Jeff Atwood just wrote a nice piece on why type inference is convenient, using a C# sample:

I was absolutely thrilled to be able to refactor this code:

StringBuilder sb = new StringBuilder(256);
UTF8Encoding e = new UTF8Encoding();
MD5CryptoServiceProvider md5 = new MD5CryptoServiceProvider();

Into this:

var sb = new StringBuilder(256);
var e = new UTF8Encoding();
var md5 = new MD5CryptoServiceProvider();

It’s not dynamic typing, per se; C# is still very much a statically typed language. It’s more of a compiler trick, a baby step toward a world of Static Typing Where Possible, and Dynamic Typing When Needed.

It’s worth making a stronger demarcation among:

  • type inference, which you can do in any language
  • static vs. dynamic typing, which is completely orthogonal but all too often confused with inference
  • strong vs. weak typing, which is mostly orthogonal (e.g., C is statically typed because every variable has a statically known actual type, but also weakly typed because of its casts)

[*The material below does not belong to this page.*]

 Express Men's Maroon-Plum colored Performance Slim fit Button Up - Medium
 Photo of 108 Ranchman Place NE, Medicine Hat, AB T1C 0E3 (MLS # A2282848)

Above, Jeff explicitly separates inference and dynamic-ness. Unfortunately, later on he proceeds to imply that inference is a small step toward dynamic typing, which is stylistically true in principle but might mislead some readers into thinking inference has something to do with dynamic-ness, which it doesn’t.

Type Inference

Many languages, including C# (as shown above) and the next C++ standard (C++0x, shown below), provide type inference. C++0x does it via the repurposed auto keyword. For example, say you have an object m of type map<int,list<string>>, and you want to create an iterator to it:

map<int,list<string>>::iterator i = m.begin();// type is required in today’s C++, allowed in C++0x
auto i = m.begin();// type can be inferred in C++0x

How many times have you said to your compiler, “Compiler, you know the type already, why are you making me repeat it?!” Even the IDE can tell you what the type is when you hover over an expression.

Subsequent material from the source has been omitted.